Thursday, October 28th, 2010
“I like to joke that I am one of the eight people who was born and raised in D.C. I spent the first part of my life up in the AU Park area and then moved to Mt. Pleasant 15 years ago. For most of my life, I have been involved with plants and gardening. When I graduated from Wilson High School, I took a job working for a landscaper and really enjoyed it. I loved being outside with plants and the gratification of seeing a finished garden.
“That experience led me to the America the Beautiful Fund, where I now work, 13 years ago. We collect surplus vegetable, flower, and herb seeds that would otherwise be destroyed and redistribute them to community planting projects all over the country for hunger relief, environmental education, and neighborhood clean up and beautification projects.While that is mostly a desk job, I still like to spend as much time as I can in the garden and play in the dirt.
“D.C. has a great network of community gardens and I have been a gardener at the Twin Oaks Community Garden in Columbia Heights, which is owned by D.C. Parks and Recreation, for four seasons. In fact, I was just voted in as President…mostly because I was running unopposed. This garden is really unique because it is split by Taylor St. The north side of the garden has always been a community garden, but the south side used to be a children’s garden. Due to budget cuts, they cut the children’s program all together, and now it is all community gardens.
“Being involved with this garden for so long, it has been interesting to see the changes over time. In the history of America, public gardening ebbs and flows with the economy and wars. People think that community gardening started in Word War II with victory gardens, but there was a similar movement during World War I. At the time, there was a huge school farming movement where kids would work on farms and grow food to support the war effort.

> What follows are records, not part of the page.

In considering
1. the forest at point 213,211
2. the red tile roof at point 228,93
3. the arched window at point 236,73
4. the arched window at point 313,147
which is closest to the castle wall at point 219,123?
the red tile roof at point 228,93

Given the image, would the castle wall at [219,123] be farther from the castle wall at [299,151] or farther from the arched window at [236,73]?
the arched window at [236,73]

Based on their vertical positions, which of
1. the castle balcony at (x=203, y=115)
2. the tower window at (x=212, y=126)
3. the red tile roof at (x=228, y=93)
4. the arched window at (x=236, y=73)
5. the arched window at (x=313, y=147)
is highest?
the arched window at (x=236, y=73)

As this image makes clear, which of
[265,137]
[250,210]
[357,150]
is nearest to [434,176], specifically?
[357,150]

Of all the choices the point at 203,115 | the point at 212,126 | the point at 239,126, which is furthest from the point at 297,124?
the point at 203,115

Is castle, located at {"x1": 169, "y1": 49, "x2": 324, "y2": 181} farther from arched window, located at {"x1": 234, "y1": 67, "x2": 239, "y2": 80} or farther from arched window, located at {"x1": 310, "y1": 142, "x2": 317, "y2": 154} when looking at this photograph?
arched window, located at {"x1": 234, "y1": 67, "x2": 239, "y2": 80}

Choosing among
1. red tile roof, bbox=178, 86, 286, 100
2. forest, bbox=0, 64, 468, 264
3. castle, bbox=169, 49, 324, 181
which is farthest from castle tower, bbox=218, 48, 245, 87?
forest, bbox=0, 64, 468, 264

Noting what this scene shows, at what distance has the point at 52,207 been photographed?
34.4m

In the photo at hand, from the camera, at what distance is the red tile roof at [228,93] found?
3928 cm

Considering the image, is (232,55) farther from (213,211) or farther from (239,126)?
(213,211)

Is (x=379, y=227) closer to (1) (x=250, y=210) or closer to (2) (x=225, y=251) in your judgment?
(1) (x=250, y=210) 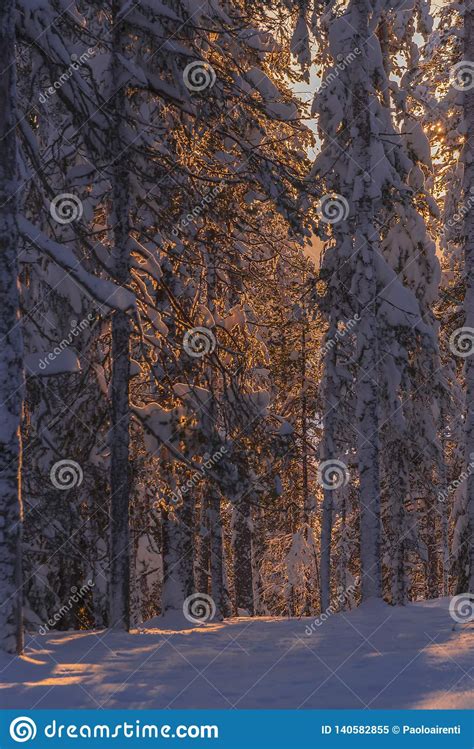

“Now, gardening has become really popular again. There is no longer a stigma associated with being lower class by growing your own food. In history, as people moved up, they didn’t need to garden anymore like their parents. They were wealthier and could buy their own food. Now, gardening is cool again because everyone wants local and organic. Just take this garden, we have 80 plots and 50 people on a waiting list to join. Two years ago, we had three people on the waiting list.
“Whatever reason people chose to garden, I think that it is a great tool to stay healthy, bring some beauty to a place, and build community. A beautiful garden is good for your soul and makes people happy. I mean, who is not happy when they see beautiful flowers growing? Some mornings, I just come up here to water and weed before work and I will just end up sitting here and hanging out for a while. This place is so beautiful and peaceful. You can just sit and admire what is coming from the seeds you planted. Plus, you also get to see all of the little creatures that live in the garden. We have lots of different kind of bugs, and we even have a wood chuck, which is like a ground hog. I call him Rock Creek Ricardo. He is the Columbia Heights version of Punxsutawney Phil. He’s cool, but he does eat a lot of our stuff.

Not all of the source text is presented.